The human body is a marvel of mechanical engineering. Think about the act of standing on one leg while extending the other high into the air—a “Bruce Lee kick.” To you, this might feel like a simple (albeit physically demanding) exertion of muscle. To a roboticist, this is a nightmare of physics. It requires precise center-of-mass control, active stabilization against gravity, and the ability to handle the subtle jitter of muscles—or in a robot’s case, motors.
In the field of humanoid robotics, we have seen incredible progress in dynamic locomotion—running, walking, and jumping. However, quasi-static balance—the ability to maintain difficult, unstable poses for extended periods—remains a significant hurdle. When a robot tries to mimic a human doing yoga or a martial arts stance, it often falls over or shakes uncontrollably.
In this post, we will dissect a new framework called HuB (Humanoid Balance). This research identifies why current Reinforcement Learning (RL) methods fail at extreme balance tasks and proposes a unified pipeline to fix it. We will explore how HuB enables a Unitree G1 robot to perform the “Swallow Balance” and withstand forceful kicks from a soccer ball, tasks where baseline methods consistently fail.

The Problem: Why is Standing Still So Hard?
Before diving into the solution, we need to understand the failure modes of current approaches.
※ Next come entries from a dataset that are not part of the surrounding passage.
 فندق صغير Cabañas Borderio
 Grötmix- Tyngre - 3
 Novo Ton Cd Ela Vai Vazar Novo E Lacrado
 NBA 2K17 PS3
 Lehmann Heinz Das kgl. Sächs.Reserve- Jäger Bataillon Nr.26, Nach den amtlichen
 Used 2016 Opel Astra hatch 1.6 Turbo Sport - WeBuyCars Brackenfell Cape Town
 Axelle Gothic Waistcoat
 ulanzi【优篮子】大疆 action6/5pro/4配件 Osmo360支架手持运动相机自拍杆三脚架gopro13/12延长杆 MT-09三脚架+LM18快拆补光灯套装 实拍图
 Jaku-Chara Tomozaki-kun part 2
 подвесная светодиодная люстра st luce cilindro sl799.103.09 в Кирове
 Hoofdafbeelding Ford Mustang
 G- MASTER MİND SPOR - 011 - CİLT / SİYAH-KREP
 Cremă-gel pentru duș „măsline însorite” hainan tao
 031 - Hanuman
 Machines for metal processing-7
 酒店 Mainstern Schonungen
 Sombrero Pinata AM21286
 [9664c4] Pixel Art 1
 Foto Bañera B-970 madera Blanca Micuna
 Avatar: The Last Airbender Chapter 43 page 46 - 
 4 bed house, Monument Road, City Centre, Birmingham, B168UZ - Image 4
The standard modern approach to humanoid control involves tracking-based Reinforcement Learning. The pipeline generally looks like this:
- Motion Capture (MoCap): Record a human performing a skill.
- Retargeting: Map the human’s joint angles to the robot’s joints.
- Simulation Training: Train an RL policy to mimic these motions in a physics simulator (like Isaac Gym).
- Sim-to-Real Transfer: Deploy the policy onto the physical robot.
While this works for walking, it breaks down for extreme balance tasks due to three specific challenges identified by the HuB authors:
- Reference Motion Errors: MoCap data is noisy. If the reference motion says the support foot is sliding slightly (an artifact of the recording), the robot will try to slide its foot while balancing, causing a fall.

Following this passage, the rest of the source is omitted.